バラバラ殺人事件ばかりを扱った連作短編集『解体諸因』でデビューした西澤保彦氏はその後特殊な設定の下でのミステリを多く輩出していく。それらは読者の好みを大きく二分し、賛否両論を生むようになるが、作者2作目にしてまさにその特殊設定ミステリ第1弾であるのが本書である。

本書の主人公は山吹みはる。SKGという会社の警備員をしている凡庸とした青年で特徴としては2mに届かんとする巨漢の持ち主。しかし身体は大きいが性格は至って温厚、というかちょっと鈍く、どんな女性も奇麗に見え、また敢えて喋ってはならないことも思わずポロっと喋ってしまう、社会人慣れしていない男である。

しかし彼にはある特殊能力があるのだ。それは話している相手の潜在意識を言語化させることができるのだ。

つまり簡単に云うと山吹みはると話している相手はいつしか自分の記憶の奥底に眠っていた、当時気になってはいたが、そのまま忘却の彼方へと消えてしまったとある出来事を想起させ、案に反してみはるに喋ってしまうことになるのだ。

それは彼と喋ると突然不思議な浮遊感に襲われ、たちまち立て板に水の如く、話してしまう。そして当の山吹みはる当人は相手に異変が起きていることに気付かず、単に話を聞いているだけなのだ。

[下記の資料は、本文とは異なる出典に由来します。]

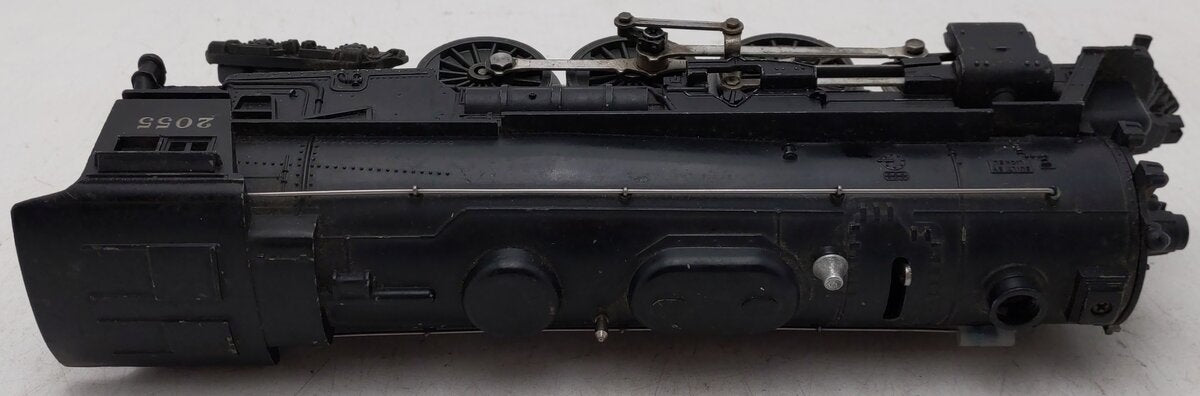 Lionel 2055 Vintage O 4-6-4 Hudson Steam Locomotive #2055 VG
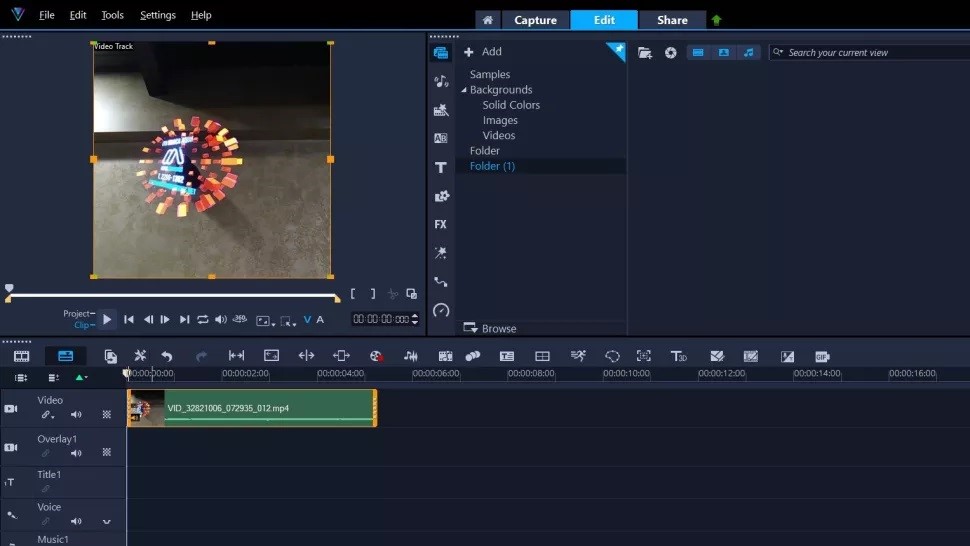 . نرم‌ افزار کورل استودیو Corel Video Studio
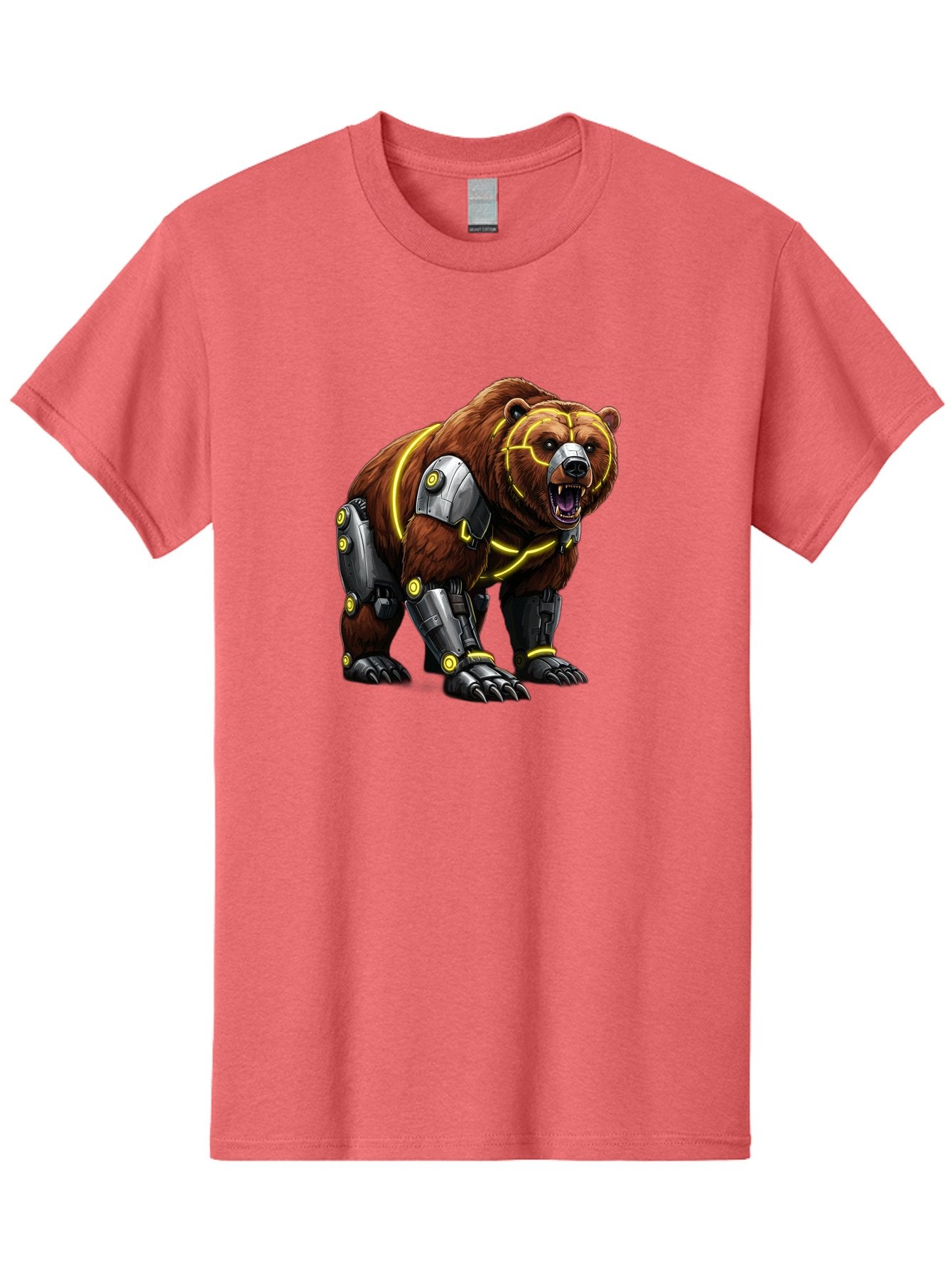 Robo-Grizzly Men'S Graphic Tee, 100% Cotton, Comfortable Casual Summer Wear, Machine Washable, Vintage Camera, Old Camera, Antique Camera, Black Camera, Classic Photography, Photography Equipment, Nostalgic Device, Film Camera, Camera Art Bal237 7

さらに話し手の方はみはるに話すことで当時の違和感を思い出し、推理を巡らし、相手の隠されていた真意、もしくは当時は気付かなかった事の真相に思い至るのだ。
つまり山吹みはるが相手の話を聞いて事件を解決するわけではなく、あくまで真相に辿り着くのは話し手自身なのだ。つまり山吹みはるは話し手が抱いていながらも忘れていた不可解な出来事を再考させ、新たな結論へと導く触媒に過ぎないのだ。

作中では人は勝負において勝ちたいという願望があるのと同じく負けたいという願望も同時に抱く、それを自己放棄衝動と云い、山吹みはるはその衝動を活発化させる能力を持っていると説明されているが、私としてはもっと解りやすく解釈した。

例えば私の場合、いつもは話そうと思わなかったことを思わず話してしまうことになるのはお酒を飲んでいるときである。思わず酒杯が重なるとついつい口が、いや頭の中の引き出しに掛けていた鍵が開けられ、話し出してしまうことがよくあるが、山吹みはるはそんなお酒のような存在なのだ。

物語の本筋は白鹿毛源衛門の孫娘が高知大学を卒業してもなお高知に留まり、就職した理由を山吹みはるが探ることで、一応長編小説の体裁を取っているが、山吹みはるが遭遇する登場人物たちの抱える過去の不自然な、不可解な出来事が短編ミステリの様相を呈しており、それらが実に面白い。

それらのエピソードの数々は時に忌々しい思い出が思いもよらない善意を知り、逆に胸に仕舞っておいた良き思い出が秘められた悪意を悟らせる。
まさにネガはポジに反転し、ポジはネガに反転するのだ。

そしてこれらのエピソードは次第に蜘蛛の巣に囚われた餌食のように関係性を帯びてくる。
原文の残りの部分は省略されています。